I was able to successfully index a simple pdf: http://www.africau.edu/images/default/sample.pdf

Can some one guide how can I fix the above issue

Thanks

What is the error? What are the logs?

It is throwing 400 error in http request, exact error message is
Error: Request failed with status code 400

You probably have other details. Look at the logs.
Otherwise try to reproduce with Kibana console or curl.

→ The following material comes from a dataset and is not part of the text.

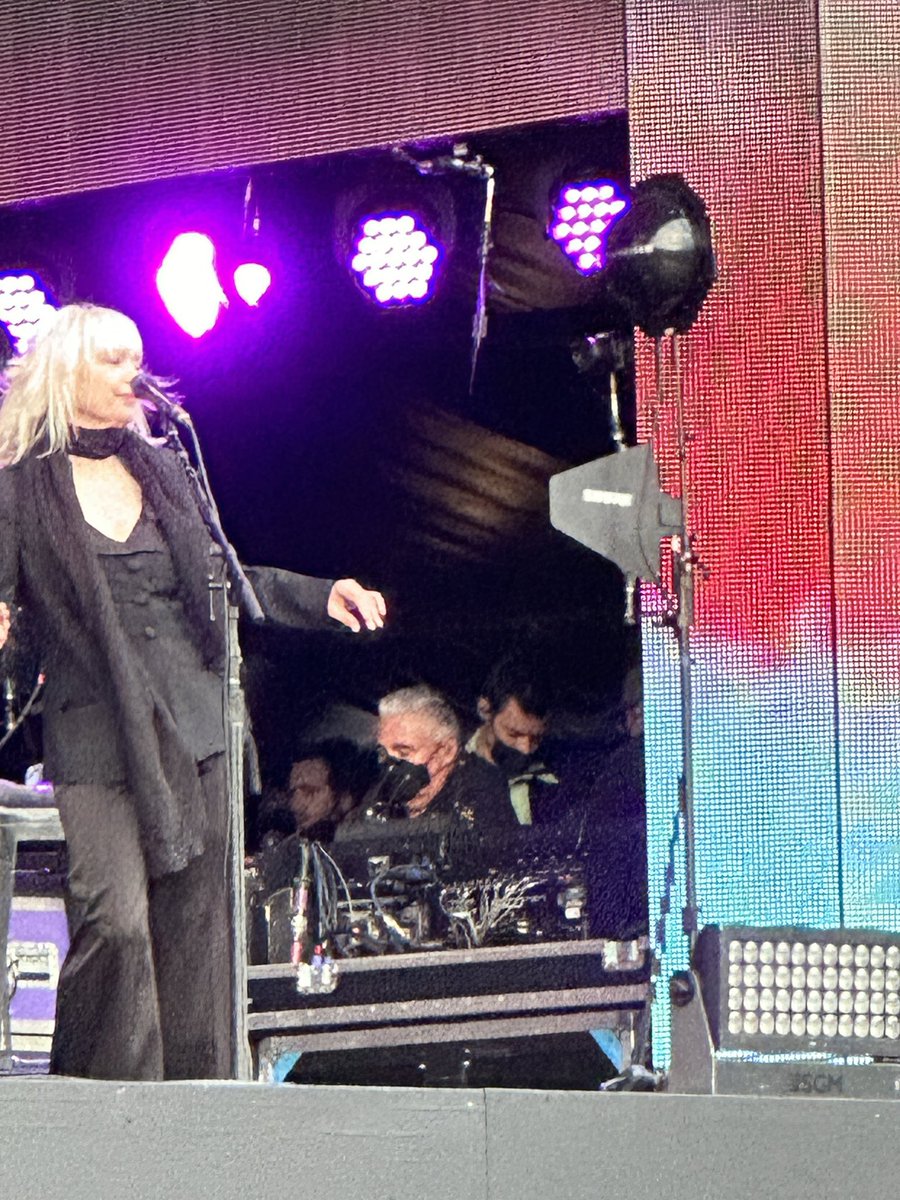 hsdaily's tweet image. Harry at the side of the stage during Stevie Nick’s show at BST Hyde Park - July 12 (via @urdelicatepov)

Thanks @dadoonet, just found following error


{
    "error": {
        "root_cause": [
            {
                "type": "illegal_argument_exception",
                "reason": "Document contains at least one immense term in field=\"data.raw\" (whose UTF8 encoding is longer than the max length 32766), all of which were skipped.  Please correct the analyzer to not produce such terms.  The prefix of the first immense term is: '[74, 86, 66, 69, 82, 105, 48, 120, 76, 106, 81, 75, 74, 89, 67, 65, 103, 73, 65, 75, 77, 83, 65, 119, 73, 71, 57, 105, 97, 103]...', original message: bytes can be at most 32766 in length; got 183560"
            }
        ],
        "type": "illegal_argument_exception",
        "reason": "Document contains at least one immense term in field=\"data.raw\" (whose UTF8 encoding is longer than the max length 32766), all of which were skipped.  Please correct the analyzer to not produce such terms.  The prefix of the first immense term is: '[74, 86, 66, 69, 82, 105, 48, 120, 76, 106, 81, 75, 74, 89, 67, 65, 103, 73, 65, 75, 77, 83, 65, 119, 73, 71, 57, 105, 97, 103]...', original message: bytes can be at most 32766 in length; got 183560",
        "caused_by": {
            "type": "max_bytes_length_exceeded_exception",
            "reason": "bytes can be at most 32766 in length; got 183560"
        }
    },
    "status": 400
}

@dadoonet issue is fixed, I was indexing base64 encoded field also which was quite large

Thanks for the support

1 Like

This topic was automatically closed 28 days after the last reply. New replies are no longer allowed.